The police have reduced the duration of the visiting hours during which Jews may visit the Temple Mount for the Islamic holy month of Ramadan. The new regulations took effect today, the first day of Ramadan, and will remain until April 22.
The Temple Mount, the sight of the First and Second Temples, is the holiest site in Judaism.
Throughout the year, the Temple Mount is open to Jews every day from 7 am to 10:30 am, and also from 12:30 pm to 1:30 pm. During Ramadan, only the morning hours will remain open to Jews.
259 Jews ascended the Temple Mount today (Thursday) on the occasion of Rosh Chodesh, the first first day of the Hebrew month of Nissan.

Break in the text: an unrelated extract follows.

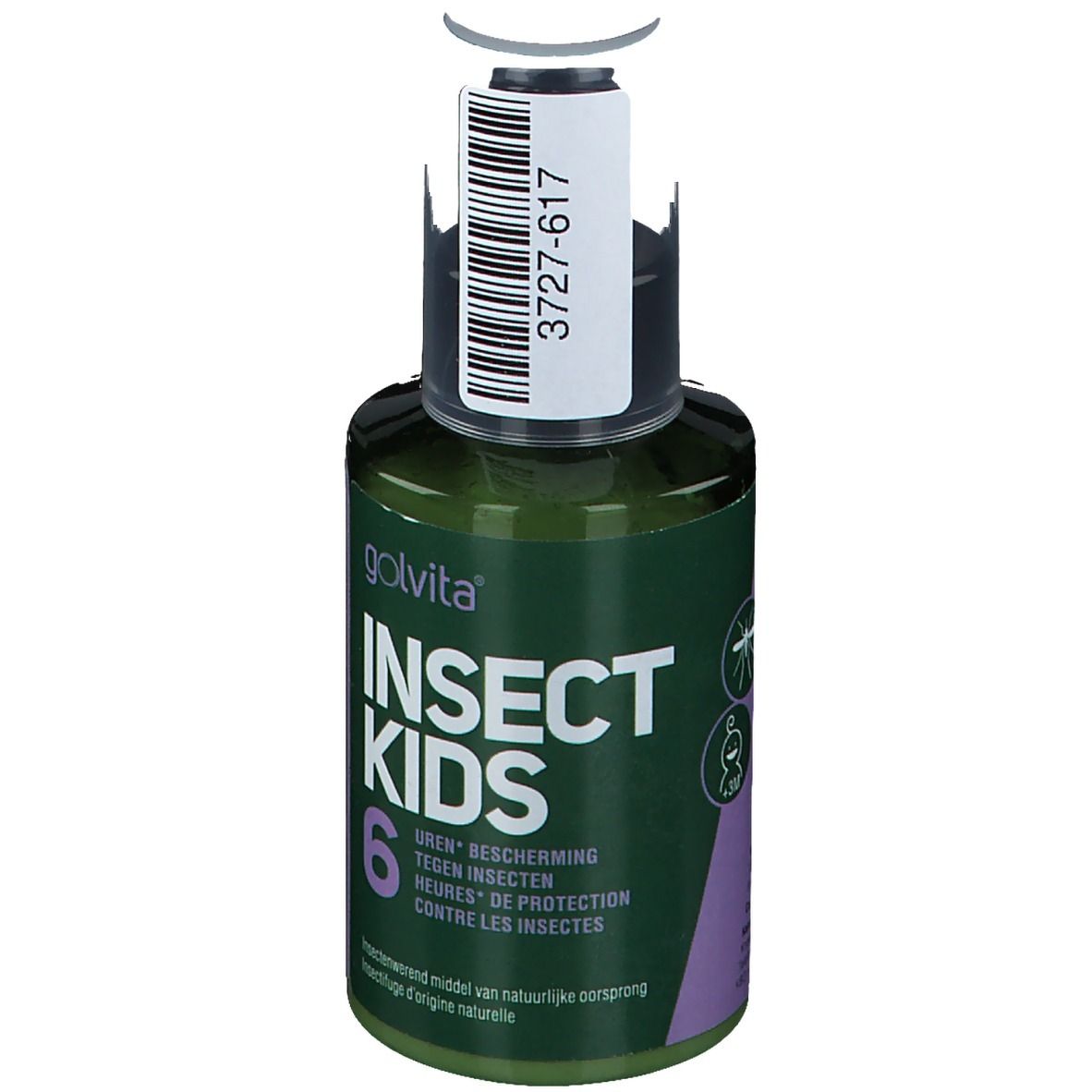 Flacon vert Golvita Insect Kids. Inscription: 6 heures de protection. Symboles. Code-barres sur le bouchon.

Tom Nissani, the director of "Beyadenu - For the Temple Mount," criticized the police's decision to limit Jewish visits to the Temple Mount during Ramadan.
"In the State of Israel, it turns out that a Muslim holiday is a reason to further restrict Jews on the Temple Mount. This custom, to harm the rights of Jews because the Arabs may hold riots, is a failed custom based on mafia-style protection and nothing else. Such a situation must not be accepted."
The Jerusalem Police said in response: "Visits by tourists and Jews in the coming Ramadan will be allowed during the usual visiting hours as is the case every year in the month of Ramadan."